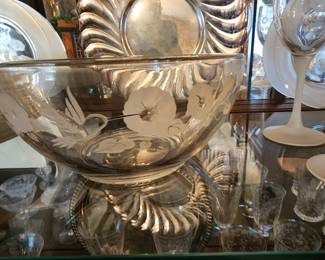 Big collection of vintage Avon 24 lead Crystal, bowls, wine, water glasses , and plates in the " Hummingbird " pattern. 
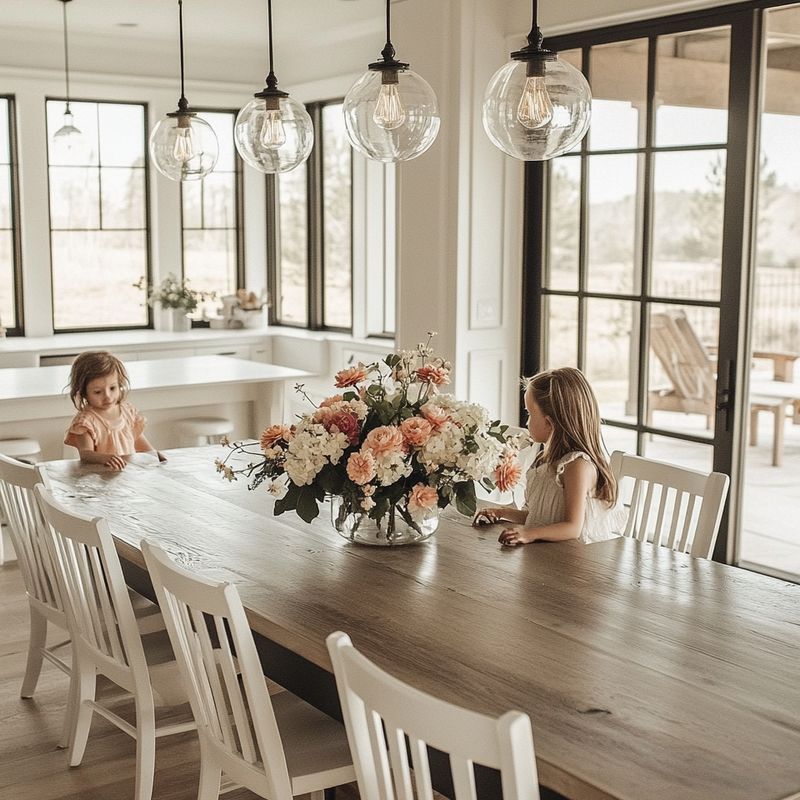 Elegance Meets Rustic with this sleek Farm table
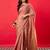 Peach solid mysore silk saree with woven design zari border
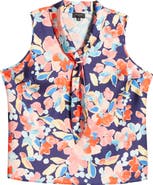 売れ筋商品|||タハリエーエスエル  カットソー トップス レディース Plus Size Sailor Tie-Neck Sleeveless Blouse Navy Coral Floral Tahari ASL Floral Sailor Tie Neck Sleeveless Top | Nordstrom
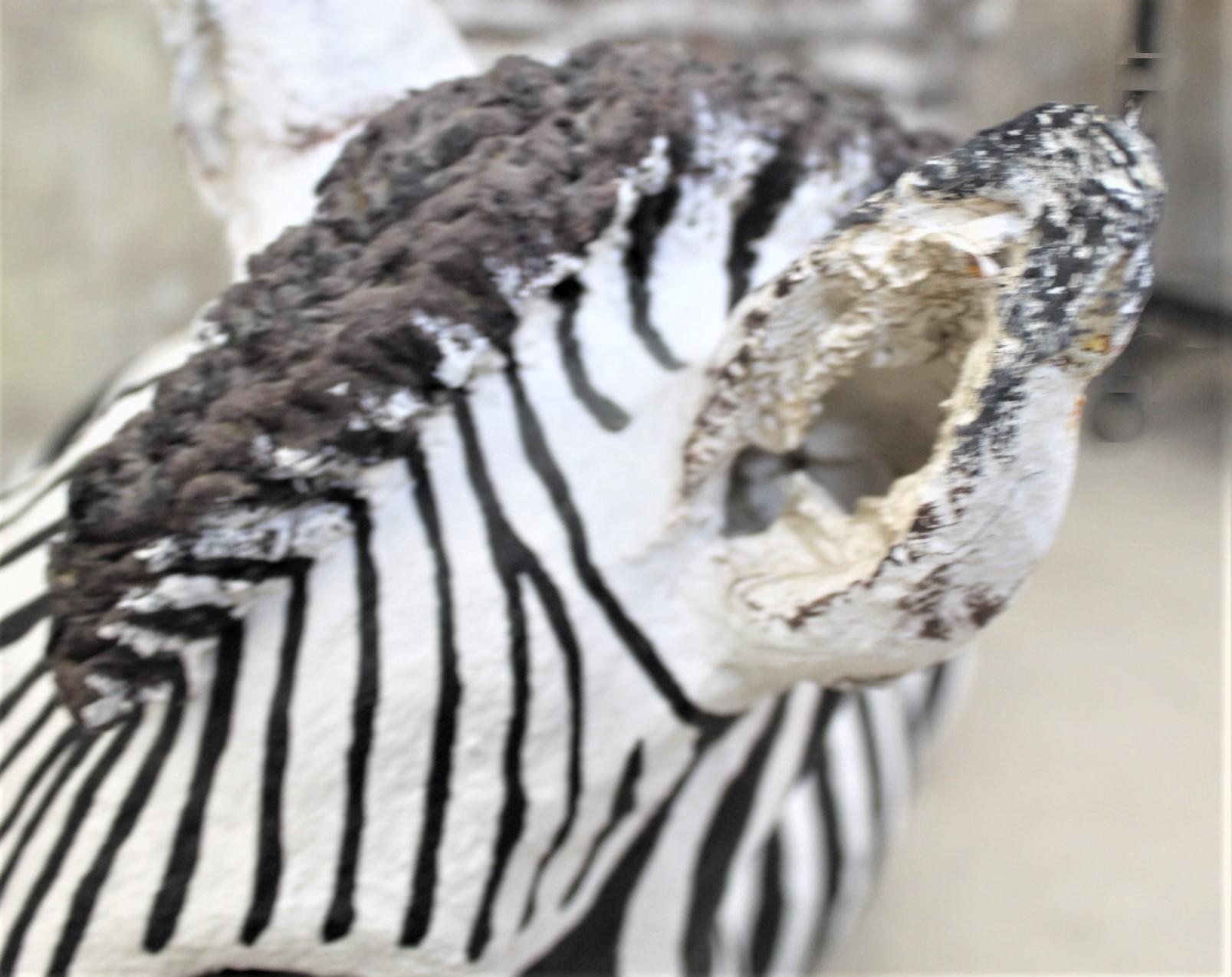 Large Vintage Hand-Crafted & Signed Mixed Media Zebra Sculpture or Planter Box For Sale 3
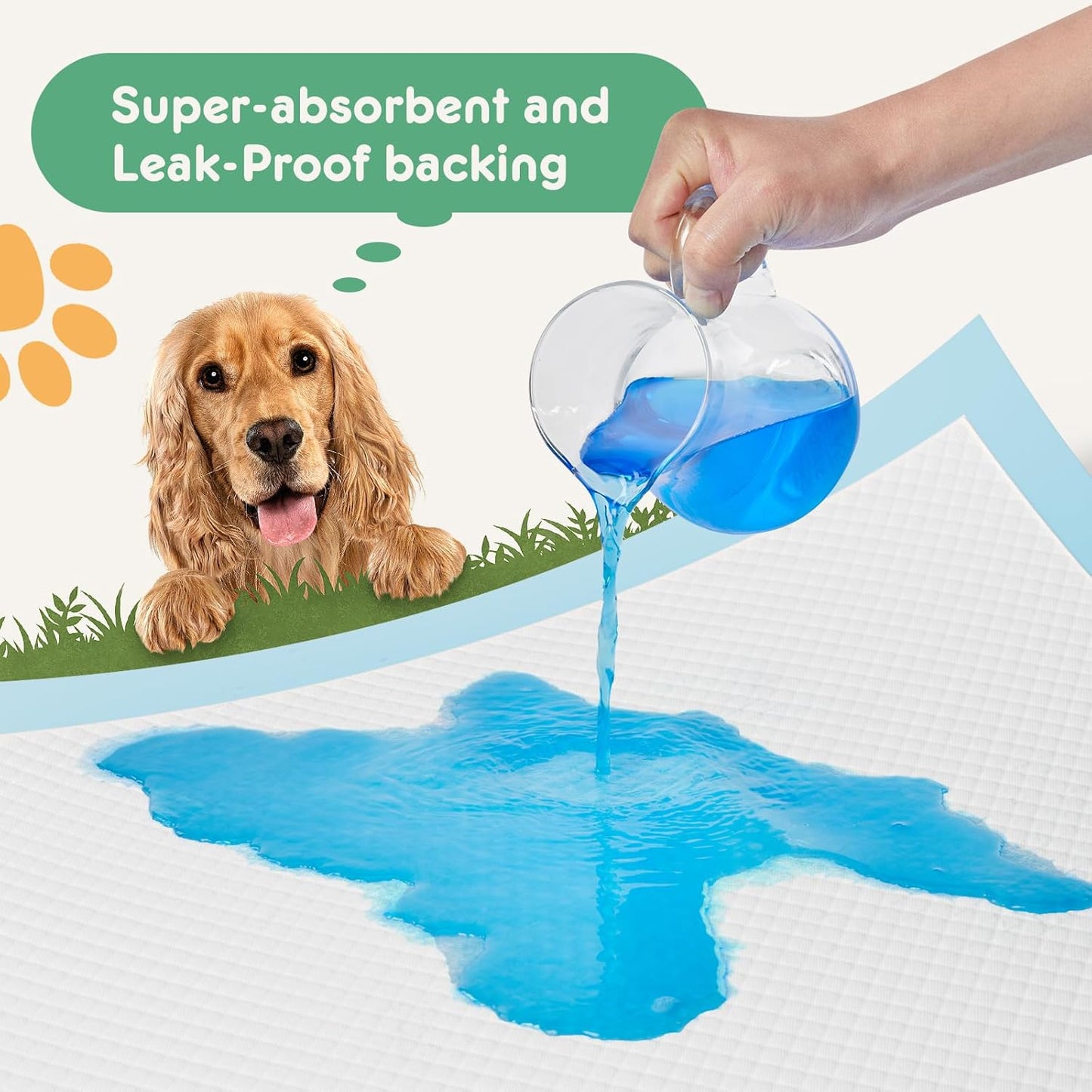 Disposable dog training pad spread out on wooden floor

*WHAT TO WORK ON*. Since the pictures are not wanted, copy only the text of the records above, exactly.

*RESPONSE BELOW*.
 Big collection of vintage Avon 24 lead Crystal, bowls, wine, water glasses , and plates in the " Hummingbird " pattern. 
 Elegance Meets Rustic with this sleek Farm table
 Peach solid mysore silk saree with woven design zari border
 売れ筋商品|||タハリエーエスエル  カットソー トップス レディース Plus Size Sailor Tie-Neck Sleeveless Blouse Navy Coral Floral Tahari ASL Floral Sailor Tie Neck Sleeveless Top | Nordstrom
 Large Vintage Hand-Crafted & Signed Mixed Media Zebra Sculpture or Planter Box For Sale 3
 Disposable dog training pad spread out on wooden floor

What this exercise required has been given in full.